La zone de rivière qui retient tout mon intérêt est encaissée de gorges. L’accès est difficile ce qui a le double avantage de limiter le nombre de pêcheurs et d’embellir significativement le cours de la rivière. 
Pour ce premier jour de pêche je m’arrête sur le parking à l’entrée du chemin qui conduit aux gorges. C’est une marche d’environ 1,5km qu’il faut entreprendre avant d’arriver au pied de celles-ci. Je décide de flâner un peu le long du cours de la rivière dans sa partie proche du parking et qui se montre moins tumultueuse dans cette portion de plaine. Les eaux sont limpides et fraîches ce qui n’a rien d’un défaut par ces temps de chaleurs caniculaires. La plaine est verdoyante et fleurie dans ses plus beaux atours du mois de Juin.

Escapades en Morvan

C’est bien sûr une pêche à la mouche que je vais pratiquer à la recherche des Farios qui peuplent cette rivière. Dans ces petits ruisseaux, souvent encombrés c’est ma superfine 7 pieds soie 4 qui fait habituellement son office. Cette canne courte mais relativement puissante me permet de présenter à des truites toutes proches, la mouche de prédilection de ces dames exigeantes.
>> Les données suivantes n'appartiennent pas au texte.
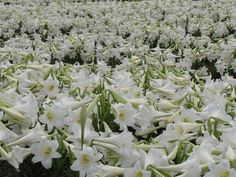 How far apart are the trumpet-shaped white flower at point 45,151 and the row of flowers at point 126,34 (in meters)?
2.22

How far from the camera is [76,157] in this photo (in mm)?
2191

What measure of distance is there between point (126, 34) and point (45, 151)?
18.0ft

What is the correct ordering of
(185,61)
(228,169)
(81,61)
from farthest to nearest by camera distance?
(81,61) < (185,61) < (228,169)

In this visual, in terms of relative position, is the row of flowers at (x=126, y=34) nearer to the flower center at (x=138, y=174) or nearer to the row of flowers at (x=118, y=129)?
the row of flowers at (x=118, y=129)

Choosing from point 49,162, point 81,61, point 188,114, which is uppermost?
point 188,114

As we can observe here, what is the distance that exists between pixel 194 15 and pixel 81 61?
3691 mm

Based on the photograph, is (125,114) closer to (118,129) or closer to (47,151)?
(118,129)

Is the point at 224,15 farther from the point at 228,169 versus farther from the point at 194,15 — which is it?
the point at 228,169

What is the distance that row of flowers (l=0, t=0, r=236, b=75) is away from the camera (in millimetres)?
5725

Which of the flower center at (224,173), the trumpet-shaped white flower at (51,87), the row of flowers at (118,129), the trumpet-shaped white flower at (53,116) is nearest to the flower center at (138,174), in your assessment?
the row of flowers at (118,129)

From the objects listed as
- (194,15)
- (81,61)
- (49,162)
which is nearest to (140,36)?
(81,61)

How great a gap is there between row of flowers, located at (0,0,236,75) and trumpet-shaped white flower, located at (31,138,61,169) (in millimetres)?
2217

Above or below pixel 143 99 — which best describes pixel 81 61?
below

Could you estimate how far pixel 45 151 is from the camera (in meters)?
2.26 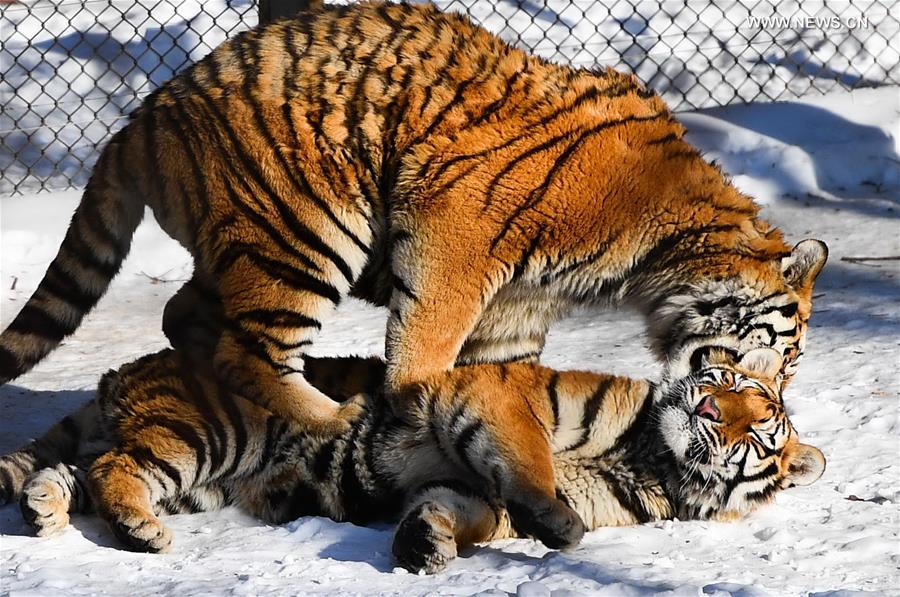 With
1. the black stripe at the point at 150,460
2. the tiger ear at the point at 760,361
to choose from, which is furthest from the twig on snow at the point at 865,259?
the black stripe at the point at 150,460

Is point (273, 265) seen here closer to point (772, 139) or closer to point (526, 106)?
point (526, 106)

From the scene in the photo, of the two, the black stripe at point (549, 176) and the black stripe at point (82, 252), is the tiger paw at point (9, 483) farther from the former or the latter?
the black stripe at point (549, 176)

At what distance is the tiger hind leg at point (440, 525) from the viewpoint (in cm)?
298

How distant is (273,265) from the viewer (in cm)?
369

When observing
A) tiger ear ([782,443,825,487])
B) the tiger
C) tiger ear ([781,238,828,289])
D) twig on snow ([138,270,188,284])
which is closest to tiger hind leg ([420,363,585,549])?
the tiger

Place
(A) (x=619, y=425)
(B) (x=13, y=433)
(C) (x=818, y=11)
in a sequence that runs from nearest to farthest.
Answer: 1. (A) (x=619, y=425)
2. (B) (x=13, y=433)
3. (C) (x=818, y=11)

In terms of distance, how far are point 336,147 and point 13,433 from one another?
57.4 inches

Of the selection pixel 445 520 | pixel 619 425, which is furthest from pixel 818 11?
pixel 445 520

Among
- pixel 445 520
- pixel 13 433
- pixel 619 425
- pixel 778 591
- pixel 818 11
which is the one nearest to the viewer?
pixel 778 591

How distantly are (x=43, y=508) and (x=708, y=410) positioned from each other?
169 centimetres

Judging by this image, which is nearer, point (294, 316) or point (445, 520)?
point (445, 520)

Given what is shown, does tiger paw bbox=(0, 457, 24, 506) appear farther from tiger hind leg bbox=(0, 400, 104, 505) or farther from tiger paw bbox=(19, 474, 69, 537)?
tiger paw bbox=(19, 474, 69, 537)

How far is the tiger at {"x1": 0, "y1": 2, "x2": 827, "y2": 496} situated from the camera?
144 inches

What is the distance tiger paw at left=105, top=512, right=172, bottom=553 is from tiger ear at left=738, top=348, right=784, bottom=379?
5.33ft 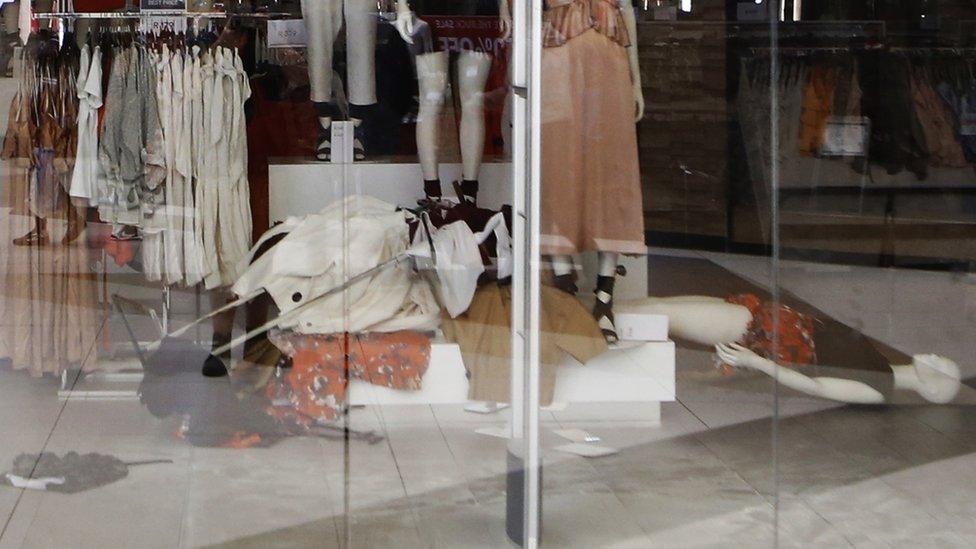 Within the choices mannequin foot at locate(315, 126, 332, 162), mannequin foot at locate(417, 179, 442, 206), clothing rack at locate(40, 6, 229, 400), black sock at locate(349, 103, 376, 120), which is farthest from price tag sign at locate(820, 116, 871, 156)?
clothing rack at locate(40, 6, 229, 400)

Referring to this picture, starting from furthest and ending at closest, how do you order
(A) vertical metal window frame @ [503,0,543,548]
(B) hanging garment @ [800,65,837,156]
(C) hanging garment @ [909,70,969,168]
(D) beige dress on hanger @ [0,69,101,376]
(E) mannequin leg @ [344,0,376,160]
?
(C) hanging garment @ [909,70,969,168] → (B) hanging garment @ [800,65,837,156] → (D) beige dress on hanger @ [0,69,101,376] → (E) mannequin leg @ [344,0,376,160] → (A) vertical metal window frame @ [503,0,543,548]

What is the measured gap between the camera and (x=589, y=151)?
11.4 ft

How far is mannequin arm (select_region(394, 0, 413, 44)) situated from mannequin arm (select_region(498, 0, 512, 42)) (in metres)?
0.26

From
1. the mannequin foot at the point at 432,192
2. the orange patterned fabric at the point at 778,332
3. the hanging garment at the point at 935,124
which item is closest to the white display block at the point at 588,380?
the orange patterned fabric at the point at 778,332

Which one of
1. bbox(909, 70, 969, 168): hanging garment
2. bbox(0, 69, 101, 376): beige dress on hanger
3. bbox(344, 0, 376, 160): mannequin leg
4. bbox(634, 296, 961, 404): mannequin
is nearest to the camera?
bbox(344, 0, 376, 160): mannequin leg

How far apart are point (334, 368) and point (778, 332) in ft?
4.42

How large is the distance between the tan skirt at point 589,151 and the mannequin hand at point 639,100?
0.01m

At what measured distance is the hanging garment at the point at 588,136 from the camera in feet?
11.0

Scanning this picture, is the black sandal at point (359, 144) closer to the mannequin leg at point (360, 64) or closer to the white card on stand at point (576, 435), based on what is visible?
the mannequin leg at point (360, 64)

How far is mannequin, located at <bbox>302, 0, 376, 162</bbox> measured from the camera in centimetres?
351

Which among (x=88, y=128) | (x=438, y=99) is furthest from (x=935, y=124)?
(x=88, y=128)

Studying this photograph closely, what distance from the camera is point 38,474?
11.4 feet

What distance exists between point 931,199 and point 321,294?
7.09ft

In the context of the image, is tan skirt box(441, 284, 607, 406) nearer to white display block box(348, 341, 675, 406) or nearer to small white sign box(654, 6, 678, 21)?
white display block box(348, 341, 675, 406) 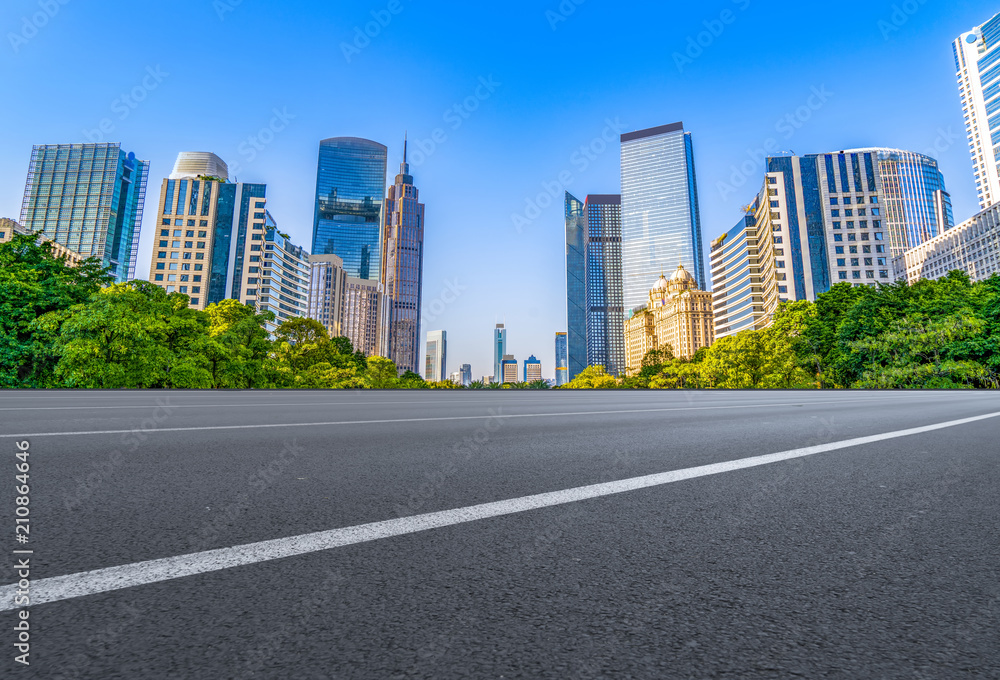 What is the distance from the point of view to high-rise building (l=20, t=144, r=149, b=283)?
168 metres

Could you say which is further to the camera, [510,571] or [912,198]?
[912,198]

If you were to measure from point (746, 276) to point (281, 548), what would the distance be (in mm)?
135839

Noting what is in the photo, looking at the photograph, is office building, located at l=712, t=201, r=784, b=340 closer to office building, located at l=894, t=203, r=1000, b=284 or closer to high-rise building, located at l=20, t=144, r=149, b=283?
office building, located at l=894, t=203, r=1000, b=284

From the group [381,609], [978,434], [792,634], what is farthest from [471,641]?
[978,434]

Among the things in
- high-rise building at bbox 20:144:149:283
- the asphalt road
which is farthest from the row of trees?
high-rise building at bbox 20:144:149:283

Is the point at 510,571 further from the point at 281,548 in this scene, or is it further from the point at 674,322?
the point at 674,322

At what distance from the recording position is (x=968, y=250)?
360ft

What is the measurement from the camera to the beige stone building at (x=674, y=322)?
157375 millimetres

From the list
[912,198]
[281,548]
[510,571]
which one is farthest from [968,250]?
[281,548]

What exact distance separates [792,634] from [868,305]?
161ft

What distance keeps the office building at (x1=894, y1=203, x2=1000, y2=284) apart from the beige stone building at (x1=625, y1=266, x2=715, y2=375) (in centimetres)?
5257

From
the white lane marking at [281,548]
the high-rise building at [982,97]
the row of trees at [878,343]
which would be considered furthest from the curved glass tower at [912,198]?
the white lane marking at [281,548]

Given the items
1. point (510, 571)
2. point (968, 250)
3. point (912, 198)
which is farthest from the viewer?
point (912, 198)

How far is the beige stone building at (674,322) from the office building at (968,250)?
52571 mm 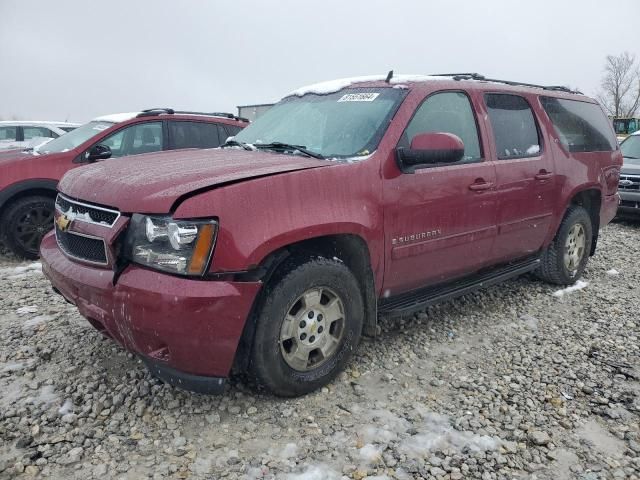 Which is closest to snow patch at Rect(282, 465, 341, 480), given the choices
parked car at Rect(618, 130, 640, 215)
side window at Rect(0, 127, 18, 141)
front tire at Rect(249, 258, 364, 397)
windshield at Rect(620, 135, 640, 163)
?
front tire at Rect(249, 258, 364, 397)

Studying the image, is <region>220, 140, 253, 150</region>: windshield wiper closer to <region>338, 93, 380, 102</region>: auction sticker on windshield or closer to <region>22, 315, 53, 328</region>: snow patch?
<region>338, 93, 380, 102</region>: auction sticker on windshield

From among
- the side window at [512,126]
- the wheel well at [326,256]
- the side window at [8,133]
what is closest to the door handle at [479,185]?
the side window at [512,126]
La mouche du jour est un montage très simple en poils de chevreuils flottant relativement haut. 

Escapades en Morvan

Mon expérience des rivières rapides m’a appris que les mouches qui sont assez voyantes prennent d’avantage. Bien souvent ce sont des mouches rudimentaires dont la principale qualité est de flotter suffisamment haut pour supporter les nombreux lancer en rouler imposés par la voute des arbres. Le lancer en rouler est une manière de pouvoir pêcher les endroits très encombrés. A l’aide d’une canne suffisamment souple, on ramène la soie vers soi dans un mouvement lent de manière à former un arc de cercle partant de la canne qui se situe alors à 90° par rapport à la rivière. Il suffit alors d’imprimer un mouvement dans la direction que l’on souhaite atteindre. La soie forme alors une boucle qui roule du pêcheur à la cible jusqu’à étendre la pointe et enfin la mouche. Ce n’est pas le plus discret des lancers et la mouche retombe souvent dans un plouf qui ferait frémir le puriste mais c’est efficace : cela permet de présenter à des truites se pensant à l’abri sa mouche piégée. Avec l’expérience, on arrive à influer sur la taille de la boucle ainsi formée et atteindre des zones que l’on pensait inaccessibles.  

 

Ce genre d’endroit ne se pêche efficacement qu'en lancer roulés

Ce genre d’endroit ne se pêche efficacement qu'en lancer roulés


Revenons à notre histoire, car je vous avais laissé au début du parcours, auprès du parking. Par acquis de conscience, je décide tout de même de démarrer sur cette partie plane. Ce n’est pas ma destination initiale mais la rivière est belle et pour peu qu’elle soit poissonneuse, je pourrais bien y faire ma pêche. Ce sont des pâtures riches et verdoyantes ayant solidifié la tourbe propre à ces régions de moyenne montagne. Les vaches candides vinrent même renifler le drôle d’humain qui parcourt leur table dressée.

Escapades en Morvan

Cette portion de rivière sur laquelle je n’aurais pas misé une thune, car très emprunté s’est révélée bien riche. En effet, c’est presque une dizaine de truites, certes de taille modeste, à qui je laisserai un piquant souvenir. C’est le tribut d’une pêche intensive de certaines de ces rivières à truites. Les pêcheurs les arpentent et prélèvent tout ce qui dépasse la taille légale de capture, laissant ainsi la rivière aux juvéniles. Fort heureusement, ces rivières sont encore fonctionnelles et les truites s’y reproduisent. La conséquence est la quasi absence de truites de bonne taille, mais ça ne m’empêche pas d’apprécier ces rivières car si la taille du poisson a son importance, son milieu et sa bonne santé le sont d’avantage. 

Escapades en Morvan
Escapades en Morvan
Escapades en Morvan
Escapades en Morvan


La richesse et la beauté des lieux sont autant d’attraits qui feront passer comme un éclair les quelques heures que je pus dérober à la vie de tous les jours. Des truites par ici, un ralentissement de la rivière par là, un arbre arraché à grande force de son sol nourricier par ici et voilà que mon temps est écoulé. C’est à contre-coeur que je dois laisser la terre des Gaulois de jadis. Je rentre pour finir la journée avec mes proches dans une guinguette locale. 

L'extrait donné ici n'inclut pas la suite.